First, a review of eight mock drafts has a slight consensus on Anderson landing a late first-round spot. The highest the mock drafts have the 6’6” junior going is 22nd, and five of the eight overall have him going anywhere between 22 and 29.

But three of the eight have Anderson going early second round, and that’s where things would seem to get tough for him in terms of decisions.

Because first-round picks get guaranteed two-year deals, with two or three option years with nice raises built in; second-round picks are guaranteed nothing, not even a roster spot.

The difference between going with the last pick in the first round and the first pick in the second round can be stark, at least at first glance. Second-rounders can sign for the minimum salary, $507,336. The last pick in the first round gets a two-year deal with a value of $1.95 million, with three option years that could add $5.5 million more.

Were Anderson to go as high as 22, it’s more like $2.4 million over two years, with option years adding another $6.1 million.

Tough choice, right? Maybe as much as an $7 million decision. Or is it?

For a look at how it might not be that much different to be a late first-rounder or early second-rounder, let’s compare the situations of the 30th pick in the 2014 draft, Kyle Anderson, who signed a two-year, $2.24 million guaranteed deal with San Antonio, with three option years that could add $5.6 million to the deal before it’s done, and a guy familiar to UVA fans, Joe Harris, who went 33rd in the 2014 draft to Cleveland, and actually did well for himself, getting two years and $1.73 million guaranteed, with two option years worth as much as $2.2 million more.

Harris is doing much, much better than the guy selected one spot ahead of him, K.J. McDaniels, who got a one-year deal for the minimum, though McDaniels, having a solid rookie season, is likely to get a decent multi-year deal.

But that all said, there’s not a lot of breathing room between Kyle Anderson and Joe Harris, and then even further down to the 39th pick, Jerami Grant, who got two years and $1.73 million guaranteed out of Philadelphia.

The only way a guy like Anderson misses out is if he falls into the second round and then somehow fails to make an NBA roster, which doesn’t seem likely.

It seems that the question for Anderson isn’t whether he makes an NBA team and gets paid NBA money next year, because he will if he wants to, but rather does he put himself in a position to make more money by staying an additional year at UVA to improve his draft stock.

Let’s say he’s #22 in 2015, just for the sake of argument. He gets a guaranteed two-year deal with options that could be worth $8.5 million over five years. Now let’s say that with another year at UVA, he improves his position to, again for the sake of argument, #10. He gets a deal that could be worth $14 million over five years.

Split the difference and put him at #16 in the 2016 draft, and he gets a deal that could be worth $11 million over five years.

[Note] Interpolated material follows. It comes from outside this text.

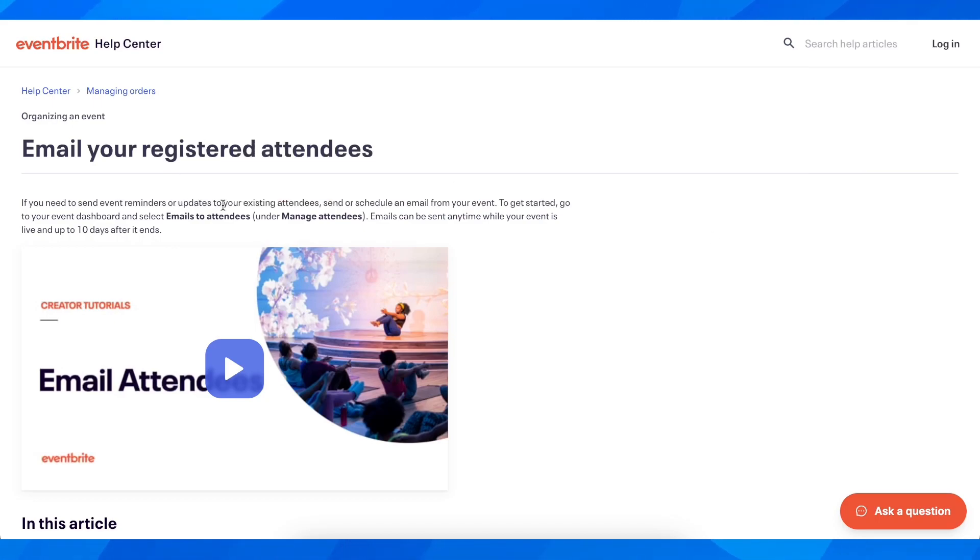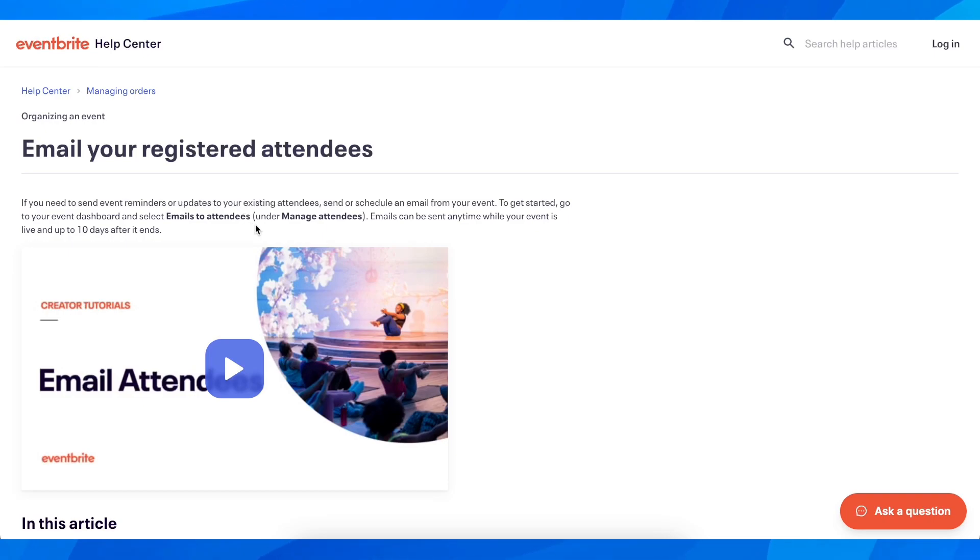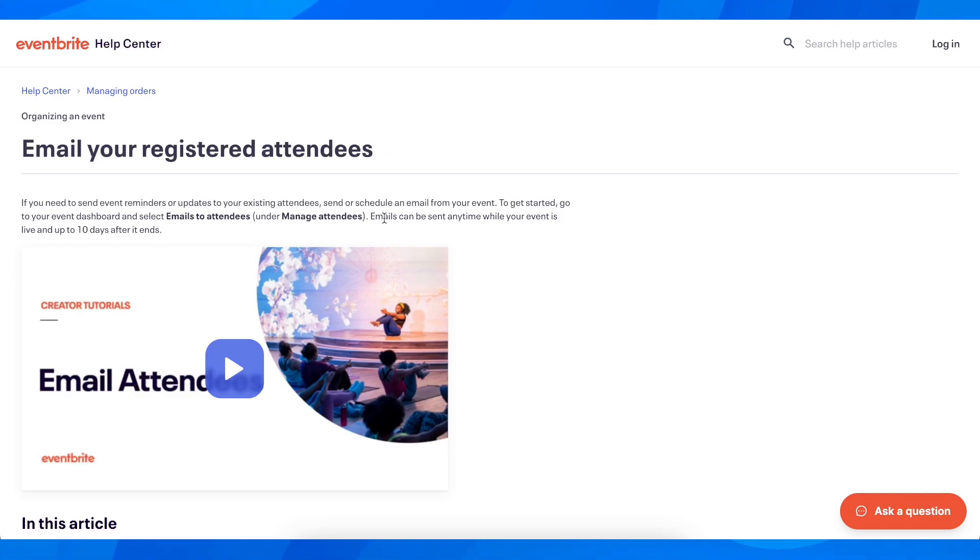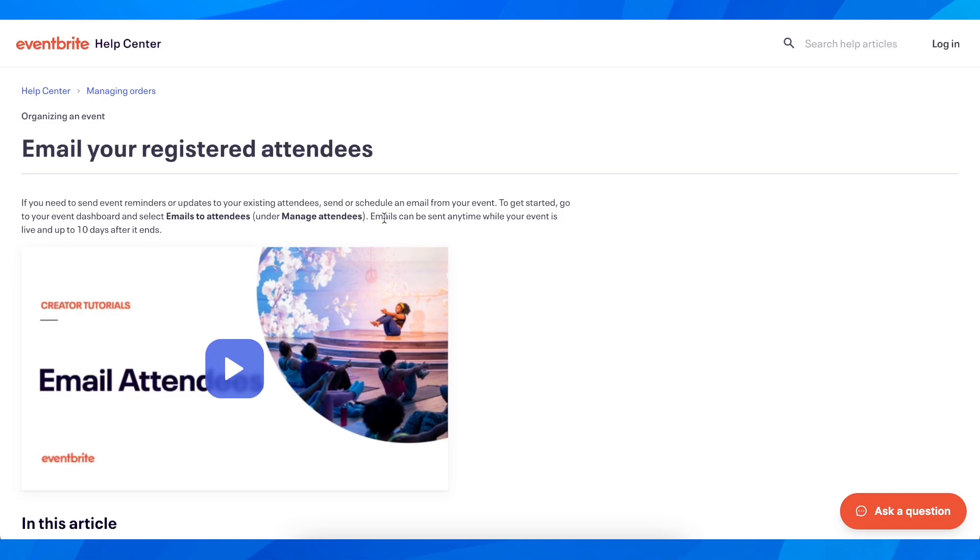What you're going to have to do is simply go to the event, then go to the event dashboard and select 'Emails to Attendees' under 'Manage Attendees'. Emails can be sent anytime while your event is live and up to 10 days after it ends. So basically, if it's been less than 10 days, you can send the email to past attendees. Otherwise, it won't work if it's been more than 10 days.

Now we see how tough the choice is. Justin Anderson is going to make NBA money, at least $507,336 if he only gets one year in the Association, if he leaves this year and is a second-round pick, and his agent is god-awful at his job.

He might get Joe Harris money even if he falls to the second round, and could get late first-round money if things break the right way.

Or he could roll the dice, play out one more year in the orange and blue, and put himself in position to make IDGAF money as a lottery pick.

That’s what this all comes down to: make a lot of money, or make a life-changing amount of money.

And yes, it’s good to be Justin Anderson right now.